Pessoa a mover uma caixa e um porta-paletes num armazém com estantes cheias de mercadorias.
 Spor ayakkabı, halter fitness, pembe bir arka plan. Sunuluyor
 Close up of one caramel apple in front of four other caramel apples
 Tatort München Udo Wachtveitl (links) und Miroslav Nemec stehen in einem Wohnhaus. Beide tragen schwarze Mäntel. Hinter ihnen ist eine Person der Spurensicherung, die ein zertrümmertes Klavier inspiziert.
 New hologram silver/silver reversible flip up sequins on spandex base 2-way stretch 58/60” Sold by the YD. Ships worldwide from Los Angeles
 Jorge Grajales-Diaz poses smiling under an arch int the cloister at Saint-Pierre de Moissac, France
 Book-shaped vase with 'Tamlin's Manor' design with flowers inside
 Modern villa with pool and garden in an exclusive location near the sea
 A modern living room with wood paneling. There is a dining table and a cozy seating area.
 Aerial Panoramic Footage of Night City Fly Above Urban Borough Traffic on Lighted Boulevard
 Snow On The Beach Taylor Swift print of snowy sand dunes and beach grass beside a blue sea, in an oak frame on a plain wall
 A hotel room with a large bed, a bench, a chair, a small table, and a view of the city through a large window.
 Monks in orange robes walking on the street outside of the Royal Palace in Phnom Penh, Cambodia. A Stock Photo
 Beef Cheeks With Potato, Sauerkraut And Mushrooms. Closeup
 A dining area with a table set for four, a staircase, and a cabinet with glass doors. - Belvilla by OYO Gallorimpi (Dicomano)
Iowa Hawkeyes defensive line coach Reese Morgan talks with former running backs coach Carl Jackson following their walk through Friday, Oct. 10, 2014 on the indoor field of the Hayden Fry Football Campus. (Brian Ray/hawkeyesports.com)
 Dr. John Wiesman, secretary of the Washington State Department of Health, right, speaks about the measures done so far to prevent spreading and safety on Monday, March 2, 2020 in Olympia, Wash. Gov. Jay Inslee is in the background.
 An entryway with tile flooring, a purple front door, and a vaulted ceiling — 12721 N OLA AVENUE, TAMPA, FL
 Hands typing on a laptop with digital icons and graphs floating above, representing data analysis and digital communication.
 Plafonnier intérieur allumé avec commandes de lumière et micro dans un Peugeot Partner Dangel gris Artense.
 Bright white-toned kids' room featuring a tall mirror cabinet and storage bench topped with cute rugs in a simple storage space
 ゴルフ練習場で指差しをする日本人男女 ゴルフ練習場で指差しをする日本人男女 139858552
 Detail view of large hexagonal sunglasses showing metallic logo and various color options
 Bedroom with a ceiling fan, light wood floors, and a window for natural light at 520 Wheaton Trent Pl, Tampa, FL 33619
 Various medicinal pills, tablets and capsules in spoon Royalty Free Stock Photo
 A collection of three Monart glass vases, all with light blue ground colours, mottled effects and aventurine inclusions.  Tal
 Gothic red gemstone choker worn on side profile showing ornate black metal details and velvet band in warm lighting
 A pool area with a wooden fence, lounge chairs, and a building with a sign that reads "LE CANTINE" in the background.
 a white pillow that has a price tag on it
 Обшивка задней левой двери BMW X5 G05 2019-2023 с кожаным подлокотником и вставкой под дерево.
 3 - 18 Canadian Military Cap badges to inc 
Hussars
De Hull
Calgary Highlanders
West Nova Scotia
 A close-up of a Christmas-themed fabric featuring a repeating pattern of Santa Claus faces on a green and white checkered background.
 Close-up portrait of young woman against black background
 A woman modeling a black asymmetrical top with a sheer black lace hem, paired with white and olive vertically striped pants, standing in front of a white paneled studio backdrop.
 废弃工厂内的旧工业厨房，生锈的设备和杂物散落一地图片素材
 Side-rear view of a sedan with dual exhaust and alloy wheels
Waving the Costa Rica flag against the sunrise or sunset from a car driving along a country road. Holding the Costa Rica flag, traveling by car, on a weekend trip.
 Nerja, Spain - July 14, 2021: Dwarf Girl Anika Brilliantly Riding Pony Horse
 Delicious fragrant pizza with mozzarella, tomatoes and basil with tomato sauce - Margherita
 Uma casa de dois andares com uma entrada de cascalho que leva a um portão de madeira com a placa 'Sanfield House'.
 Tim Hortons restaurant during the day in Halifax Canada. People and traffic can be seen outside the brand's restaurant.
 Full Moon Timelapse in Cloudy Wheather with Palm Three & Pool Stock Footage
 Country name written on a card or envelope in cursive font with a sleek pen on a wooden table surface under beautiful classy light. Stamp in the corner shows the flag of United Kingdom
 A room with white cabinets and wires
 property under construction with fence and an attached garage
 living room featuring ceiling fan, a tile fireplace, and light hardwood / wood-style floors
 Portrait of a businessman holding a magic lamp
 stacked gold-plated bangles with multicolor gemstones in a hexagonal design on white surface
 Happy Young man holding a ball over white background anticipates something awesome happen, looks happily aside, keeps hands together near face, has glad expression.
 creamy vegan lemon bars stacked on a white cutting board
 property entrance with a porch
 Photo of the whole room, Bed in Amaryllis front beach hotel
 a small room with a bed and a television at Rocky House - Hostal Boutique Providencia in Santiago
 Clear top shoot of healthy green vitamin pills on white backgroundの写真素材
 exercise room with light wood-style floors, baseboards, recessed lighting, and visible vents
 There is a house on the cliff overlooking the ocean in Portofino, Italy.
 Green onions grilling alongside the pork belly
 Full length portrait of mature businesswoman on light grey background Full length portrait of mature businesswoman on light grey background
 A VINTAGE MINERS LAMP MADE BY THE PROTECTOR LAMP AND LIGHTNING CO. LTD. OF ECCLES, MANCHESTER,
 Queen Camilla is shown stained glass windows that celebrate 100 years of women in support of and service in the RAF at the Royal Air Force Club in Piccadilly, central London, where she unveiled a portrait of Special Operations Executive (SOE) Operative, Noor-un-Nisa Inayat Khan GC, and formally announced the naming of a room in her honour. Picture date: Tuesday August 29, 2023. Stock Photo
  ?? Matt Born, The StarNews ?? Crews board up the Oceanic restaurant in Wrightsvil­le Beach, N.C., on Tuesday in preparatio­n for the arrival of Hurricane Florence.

::::::::::

> [How to complete this task] Retype exactly the lines of the data above that fall between the line with "A room with white cabinets and wires" and the line with "grey background Full", inclusive, and add nothing.

> [Expected answer]
 A room with white cabinets and wires
 property under construction with fence and an attached garage
 living room featuring ceiling fan, a tile fireplace, and light hardwood / wood-style floors
 Portrait of a businessman holding a magic lamp
 stacked gold-plated bangles with multicolor gemstones in a hexagonal design on white surface
 Happy Young man holding a ball over white background anticipates something awesome happen, looks happily aside, keeps hands together near face, has glad expression.
 creamy vegan lemon bars stacked on a white cutting board
 property entrance with a porch
 Photo of the whole room, Bed in Amaryllis front beach hotel
 a small room with a bed and a television at Rocky House - Hostal Boutique Providencia in Santiago
 Clear top shoot of healthy green vitamin pills on white backgroundの写真素材
 exercise room with light wood-style floors, baseboards, recessed lighting, and visible vents
 There is a house on the cliff overlooking the ocean in Portofino, Italy.
 Green onions grilling alongside the pork belly
 Full length portrait of mature businesswoman on light grey background Full length portrait of mature businesswoman on light grey background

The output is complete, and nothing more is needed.